An area of contention during the NTSB hearings about Flight 3701 has been whether a condition called “core lock” contributed to the fatal crash. Under normal conditions, the rotating parts inside a General Electric CF34-3B1 turbofan engine slip by each other in a finely tuned choreography. However, when an engine is shut down suddenly at high torque, high altitude, and it isn’t restarted immediately, metal parts inside the engine begin to cool and contract at different rates. In rare cases, metal can contact metal and prevent the core from rotating freely–core lock.
The Air Line Pilots Association suggests that core lock, rather than pilot error, might have been the primary cause of the accident. But, a review of the flight data recorder makes clear that the pilots made a series of poor, and potentially fatal, decisions irrespective of whether the engines experienced core lock.

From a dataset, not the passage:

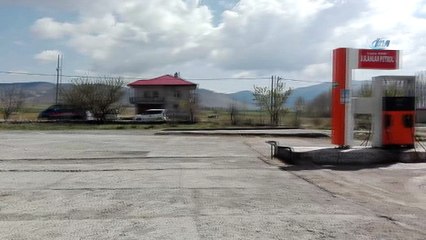 Karısını ve amca oğlunu öldürdü, ardından intihar etti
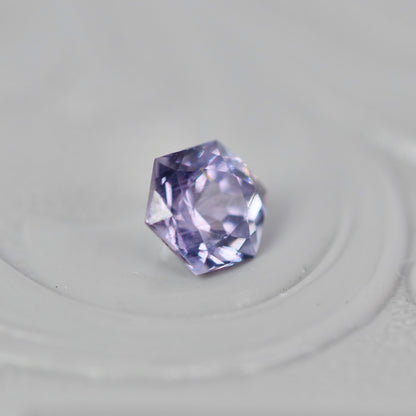 スピネル 0.32ct  ヘキサゴンカット 3.9mm×3.6mm×2.9mm【MJ2966】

The Bombardier has a 41,000-ft. service ceiling. However, according to the climb profiles in the crew’s flight manual, the maximum altitude for the 500-ft.-per-minute climb the pilots set was only 38,700 ft., based on the atmospheric conditions and the aircraft’s weight that night. By operating outside the airplane’s performance envelope, Rhodes and Cesarz subjected the engines to tremendous stress. The flight data recorder shows that soon after the crew ignored the fourth stall warning, the core temperature of the right engine reached 2200 degrees–almost 600 degrees above redline. When investigators pulled apart the right engine, they found that the ends of the high-pressure turbine blades had liquefied, resolidifying on the low-pressure blades behind them. This leads some industry experts to question if the right engine ever could have restarted. Whether the left engine locked up is still being investigated. GE helped the NTSB disassemble Flight 3701’s engines. Edward Orear, GE’s former program manager for the CF34-3B1 engine, testified to the NTSB that neither engine showed evidence of core lock.
The data recorder shows that the pilots failed to follow proper procedures for restarting a flamed-out engine when they pulled out of their dive before reaching the necessary speed to spin the core. Whether the apparently undamaged left engine could have restarted if they had windmilled correctly may never be known. It’s also unresolved why the left engine didn’t restart when the pilots used the APU. Since the crash, Pinnacle has set a ceiling of 37,000 ft. for all CRJ200 flights. It has also added detailed climb profiles to the pilots’ quick reference guides. And the airline has modified its simulator training program, incorporating dual engine failure and stall recovery scenarios. Although Flight 3701 ended tragically, it illustrates how many safety features protect commercial passengers. The crew misused the auto-pilot, took the plane outside its envelope and repeatedly overrode the safety system.
As one pilot said: “It’s an object lesson in how many things you have to get wrong in order to crash your plane.”